_Record set:_
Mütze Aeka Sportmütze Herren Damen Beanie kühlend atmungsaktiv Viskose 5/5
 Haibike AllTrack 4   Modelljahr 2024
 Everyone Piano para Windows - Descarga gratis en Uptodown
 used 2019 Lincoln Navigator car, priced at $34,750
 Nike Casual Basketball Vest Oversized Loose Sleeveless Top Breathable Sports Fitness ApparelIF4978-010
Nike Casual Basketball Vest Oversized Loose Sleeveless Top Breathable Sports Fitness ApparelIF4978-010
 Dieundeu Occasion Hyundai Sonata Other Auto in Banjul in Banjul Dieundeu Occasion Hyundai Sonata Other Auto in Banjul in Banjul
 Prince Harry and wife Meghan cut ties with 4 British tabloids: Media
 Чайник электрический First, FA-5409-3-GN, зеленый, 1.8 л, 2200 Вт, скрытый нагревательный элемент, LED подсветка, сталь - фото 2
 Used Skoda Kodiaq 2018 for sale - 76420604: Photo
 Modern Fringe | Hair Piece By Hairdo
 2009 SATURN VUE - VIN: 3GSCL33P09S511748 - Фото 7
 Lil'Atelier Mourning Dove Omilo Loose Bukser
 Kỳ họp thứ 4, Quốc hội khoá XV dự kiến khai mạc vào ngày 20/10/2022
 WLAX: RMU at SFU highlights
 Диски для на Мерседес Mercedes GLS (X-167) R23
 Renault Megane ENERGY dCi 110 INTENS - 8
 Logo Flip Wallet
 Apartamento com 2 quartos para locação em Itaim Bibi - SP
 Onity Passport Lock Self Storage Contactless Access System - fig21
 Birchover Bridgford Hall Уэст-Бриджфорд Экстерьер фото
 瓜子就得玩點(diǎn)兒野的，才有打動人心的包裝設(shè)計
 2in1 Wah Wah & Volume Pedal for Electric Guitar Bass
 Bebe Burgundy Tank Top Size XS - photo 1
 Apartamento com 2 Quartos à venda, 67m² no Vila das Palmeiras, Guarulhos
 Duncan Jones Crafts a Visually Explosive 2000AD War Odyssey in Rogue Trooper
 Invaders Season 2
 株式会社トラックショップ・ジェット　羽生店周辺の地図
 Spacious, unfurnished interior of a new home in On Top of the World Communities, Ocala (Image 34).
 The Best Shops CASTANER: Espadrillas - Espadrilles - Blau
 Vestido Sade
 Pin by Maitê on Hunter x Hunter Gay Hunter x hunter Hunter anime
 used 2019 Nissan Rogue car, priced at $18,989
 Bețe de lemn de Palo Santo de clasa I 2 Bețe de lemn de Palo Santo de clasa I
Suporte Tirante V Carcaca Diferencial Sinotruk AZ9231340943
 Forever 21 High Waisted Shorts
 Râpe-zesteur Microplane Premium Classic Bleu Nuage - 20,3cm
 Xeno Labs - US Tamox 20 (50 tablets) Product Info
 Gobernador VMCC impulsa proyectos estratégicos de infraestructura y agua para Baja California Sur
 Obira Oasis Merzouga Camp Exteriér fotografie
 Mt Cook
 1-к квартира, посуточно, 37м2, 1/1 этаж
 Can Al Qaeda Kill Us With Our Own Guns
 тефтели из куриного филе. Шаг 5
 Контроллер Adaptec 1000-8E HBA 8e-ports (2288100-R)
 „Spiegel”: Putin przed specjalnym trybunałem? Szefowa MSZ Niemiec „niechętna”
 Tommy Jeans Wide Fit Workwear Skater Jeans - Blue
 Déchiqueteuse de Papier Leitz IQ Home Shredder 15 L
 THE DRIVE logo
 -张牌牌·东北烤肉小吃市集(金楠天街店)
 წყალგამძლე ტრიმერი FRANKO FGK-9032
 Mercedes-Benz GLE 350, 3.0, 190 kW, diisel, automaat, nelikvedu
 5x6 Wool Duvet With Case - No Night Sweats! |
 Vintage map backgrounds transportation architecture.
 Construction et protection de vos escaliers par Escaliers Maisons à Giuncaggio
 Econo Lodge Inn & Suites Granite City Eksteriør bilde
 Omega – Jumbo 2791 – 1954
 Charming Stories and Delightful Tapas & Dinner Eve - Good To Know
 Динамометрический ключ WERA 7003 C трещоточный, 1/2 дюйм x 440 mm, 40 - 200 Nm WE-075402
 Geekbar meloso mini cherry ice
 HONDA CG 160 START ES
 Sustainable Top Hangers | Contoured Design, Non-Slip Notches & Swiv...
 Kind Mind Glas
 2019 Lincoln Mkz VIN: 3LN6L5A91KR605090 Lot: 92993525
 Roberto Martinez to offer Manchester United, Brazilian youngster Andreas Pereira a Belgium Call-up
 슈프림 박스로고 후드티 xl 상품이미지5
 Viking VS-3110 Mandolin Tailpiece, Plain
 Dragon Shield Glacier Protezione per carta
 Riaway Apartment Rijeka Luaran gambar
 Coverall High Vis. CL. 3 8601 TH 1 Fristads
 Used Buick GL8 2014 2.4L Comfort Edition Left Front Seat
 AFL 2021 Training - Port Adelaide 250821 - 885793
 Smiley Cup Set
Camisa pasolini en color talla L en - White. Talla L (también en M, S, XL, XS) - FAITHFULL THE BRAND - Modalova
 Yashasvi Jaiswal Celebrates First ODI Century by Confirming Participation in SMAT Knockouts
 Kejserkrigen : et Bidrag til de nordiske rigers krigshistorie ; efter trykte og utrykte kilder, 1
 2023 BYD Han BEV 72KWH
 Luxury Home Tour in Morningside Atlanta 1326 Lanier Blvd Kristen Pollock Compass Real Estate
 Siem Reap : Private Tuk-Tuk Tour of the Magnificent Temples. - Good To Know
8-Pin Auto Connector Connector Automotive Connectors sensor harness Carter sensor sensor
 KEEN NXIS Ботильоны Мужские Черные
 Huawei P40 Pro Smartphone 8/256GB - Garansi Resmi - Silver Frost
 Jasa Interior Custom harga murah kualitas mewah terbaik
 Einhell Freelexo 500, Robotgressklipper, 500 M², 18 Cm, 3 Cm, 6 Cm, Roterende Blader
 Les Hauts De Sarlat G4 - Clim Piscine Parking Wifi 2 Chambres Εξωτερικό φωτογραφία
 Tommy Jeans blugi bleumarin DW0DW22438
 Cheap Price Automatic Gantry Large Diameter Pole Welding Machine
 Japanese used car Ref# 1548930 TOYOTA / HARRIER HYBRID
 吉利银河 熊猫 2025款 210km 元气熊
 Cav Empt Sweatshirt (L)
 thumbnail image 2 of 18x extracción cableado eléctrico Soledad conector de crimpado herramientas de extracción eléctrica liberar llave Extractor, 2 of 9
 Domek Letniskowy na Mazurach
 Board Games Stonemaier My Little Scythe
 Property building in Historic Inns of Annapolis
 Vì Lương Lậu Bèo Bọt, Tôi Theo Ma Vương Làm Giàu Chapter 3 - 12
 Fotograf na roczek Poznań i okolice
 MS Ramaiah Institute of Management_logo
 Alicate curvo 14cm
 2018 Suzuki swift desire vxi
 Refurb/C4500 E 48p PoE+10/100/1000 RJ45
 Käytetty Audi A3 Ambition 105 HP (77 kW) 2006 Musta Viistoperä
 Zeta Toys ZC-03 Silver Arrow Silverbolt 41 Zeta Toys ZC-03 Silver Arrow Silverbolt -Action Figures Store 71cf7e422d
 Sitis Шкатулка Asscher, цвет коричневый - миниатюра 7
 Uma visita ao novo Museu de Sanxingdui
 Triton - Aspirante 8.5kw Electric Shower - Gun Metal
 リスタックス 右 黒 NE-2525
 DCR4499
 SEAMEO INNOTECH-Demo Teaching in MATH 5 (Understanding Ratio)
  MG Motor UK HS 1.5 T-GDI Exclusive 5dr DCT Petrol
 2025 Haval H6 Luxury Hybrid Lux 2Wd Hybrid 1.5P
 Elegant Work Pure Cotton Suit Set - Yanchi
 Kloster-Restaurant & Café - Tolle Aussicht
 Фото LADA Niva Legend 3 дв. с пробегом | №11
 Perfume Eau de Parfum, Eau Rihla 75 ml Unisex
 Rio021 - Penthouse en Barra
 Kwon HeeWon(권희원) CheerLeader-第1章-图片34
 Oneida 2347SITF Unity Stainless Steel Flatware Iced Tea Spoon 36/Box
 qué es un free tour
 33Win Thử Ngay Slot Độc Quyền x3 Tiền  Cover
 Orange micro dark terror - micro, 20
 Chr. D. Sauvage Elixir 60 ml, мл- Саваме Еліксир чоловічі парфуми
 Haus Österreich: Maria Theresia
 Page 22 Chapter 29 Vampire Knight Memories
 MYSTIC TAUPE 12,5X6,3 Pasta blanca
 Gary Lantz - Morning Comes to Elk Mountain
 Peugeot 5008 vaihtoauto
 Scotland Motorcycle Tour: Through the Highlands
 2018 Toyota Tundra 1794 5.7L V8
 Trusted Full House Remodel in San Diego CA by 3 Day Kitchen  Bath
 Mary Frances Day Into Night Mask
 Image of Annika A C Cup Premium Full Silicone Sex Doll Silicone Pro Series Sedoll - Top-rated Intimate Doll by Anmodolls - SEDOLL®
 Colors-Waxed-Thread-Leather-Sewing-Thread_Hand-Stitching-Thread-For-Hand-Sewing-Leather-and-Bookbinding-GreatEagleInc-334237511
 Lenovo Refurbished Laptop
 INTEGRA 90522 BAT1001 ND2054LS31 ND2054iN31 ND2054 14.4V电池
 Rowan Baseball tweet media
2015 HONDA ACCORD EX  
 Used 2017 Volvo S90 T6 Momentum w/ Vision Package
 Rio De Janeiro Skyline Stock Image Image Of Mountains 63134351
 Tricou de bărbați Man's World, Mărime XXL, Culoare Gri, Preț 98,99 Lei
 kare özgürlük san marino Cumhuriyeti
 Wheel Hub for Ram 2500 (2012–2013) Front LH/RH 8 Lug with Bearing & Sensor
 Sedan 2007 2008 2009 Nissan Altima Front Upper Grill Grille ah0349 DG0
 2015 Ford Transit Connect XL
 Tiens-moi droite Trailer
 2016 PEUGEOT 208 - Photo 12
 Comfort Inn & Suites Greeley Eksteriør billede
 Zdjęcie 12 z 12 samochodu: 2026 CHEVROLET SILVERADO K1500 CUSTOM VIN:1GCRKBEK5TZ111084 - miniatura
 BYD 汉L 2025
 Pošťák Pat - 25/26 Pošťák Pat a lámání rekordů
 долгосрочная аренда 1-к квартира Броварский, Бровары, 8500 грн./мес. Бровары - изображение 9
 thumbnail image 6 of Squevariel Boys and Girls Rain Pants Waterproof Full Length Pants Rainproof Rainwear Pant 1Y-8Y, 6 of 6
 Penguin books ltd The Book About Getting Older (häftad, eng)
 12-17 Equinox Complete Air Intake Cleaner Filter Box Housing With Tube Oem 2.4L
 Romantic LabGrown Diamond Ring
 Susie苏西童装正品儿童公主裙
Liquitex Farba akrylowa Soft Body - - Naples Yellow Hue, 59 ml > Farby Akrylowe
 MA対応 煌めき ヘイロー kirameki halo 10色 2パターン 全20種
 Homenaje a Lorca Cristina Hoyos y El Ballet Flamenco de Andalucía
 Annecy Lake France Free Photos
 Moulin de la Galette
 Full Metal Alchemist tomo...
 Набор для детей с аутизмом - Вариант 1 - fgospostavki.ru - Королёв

_What to produce:_ Taking the entries above, write out exactly the lines starting with the line containing "Suporte Tirante V" and going on through the line containing "Putin przed specjalnym", both included, and nothing else.

_Result:_
Suporte Tirante V Carcaca Diferencial Sinotruk AZ9231340943
 Forever 21 High Waisted Shorts
 Râpe-zesteur Microplane Premium Classic Bleu Nuage - 20,3cm
 Xeno Labs - US Tamox 20 (50 tablets) Product Info
 Gobernador VMCC impulsa proyectos estratégicos de infraestructura y agua para Baja California Sur
 Obira Oasis Merzouga Camp Exteriér fotografie
 Mt Cook
 1-к квартира, посуточно, 37м2, 1/1 этаж
 Can Al Qaeda Kill Us With Our Own Guns
 тефтели из куриного филе. Шаг 5
 Контроллер Adaptec 1000-8E HBA 8e-ports (2288100-R)
 „Spiegel”: Putin przed specjalnym trybunałem? Szefowa MSZ Niemiec „niechętna”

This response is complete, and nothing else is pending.